Most every Tuesday I answer questions submitted by readers on my formspring.me account. I invite questions or insight anonymously on the site and answer them in a post the following week. Submit your questions for next week’s edition by clicking this link. Link opens in a new window.
A: Yes. Of course.
As long as my partner could respect my interests, I’m cool with it.
While I find college football to be an important part of my childhood and something that I enjoy watching and attending in person, it is not a deal breaker for me if someone I chose to date simply didn’t care for football. We all have our passions, and most of us have more than one. I like college football, reading, blogging, and trying new restaurants among many, many other things. So I am confident that even if we didn’t share a common love of college football, we would connect on some other level and enjoy doing other things together. While I really, really love college football, it’s certainly not the only thing that I enjoy and find passion in.

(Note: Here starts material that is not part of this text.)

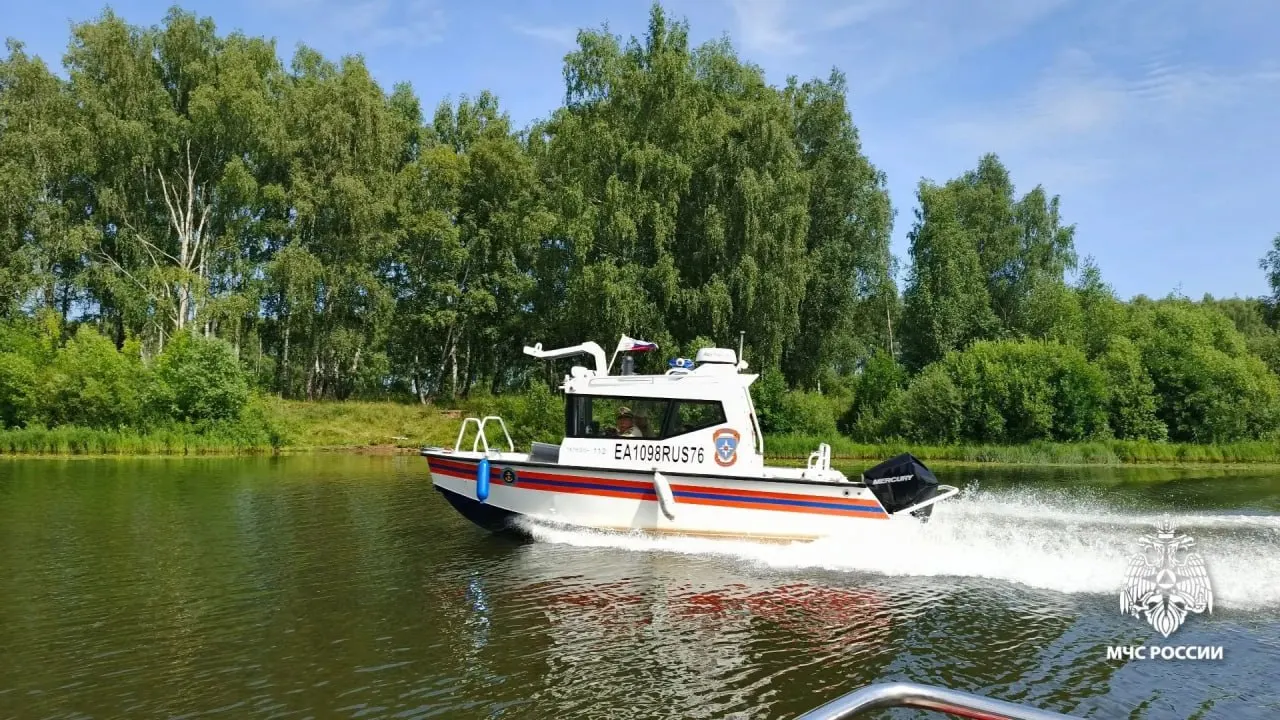 Вечерняя прогулка на озере Неро 17 июля едва не закончилась трагедией: в 800 метрах от берега перевернулось маломерное судно, четверо мужчин удерживались за носовую часть до прибытия спасателей.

Who wouldn’t I date, though? Someone with a chip on their should about my passion for football. It’s okay if you don’t find football interesting or important, but I don’t want my interest in football minimized. I don’t appreciate individuals who chastise fans of college football as stupid or intellectually deficient. It’s definitely rude and unnecessary. Just because we don’t share that in common doesn’t mean it’s okay for you to diminish its importance in my life. We all have our ‘vices’, we all have our interests. I really don’t want to call someone else’s passion a waste of time, energy, or intellectual effort. This is a basic truth I hold for all relationships in my life, romantic or otherwise. If you cannot respect who I am, why should we spend time together?
So no, you don’t have to love football to date me. You just have to love me as a whole and accept that it comes in the package. And I’ll do the same for you, for whatever it is you love!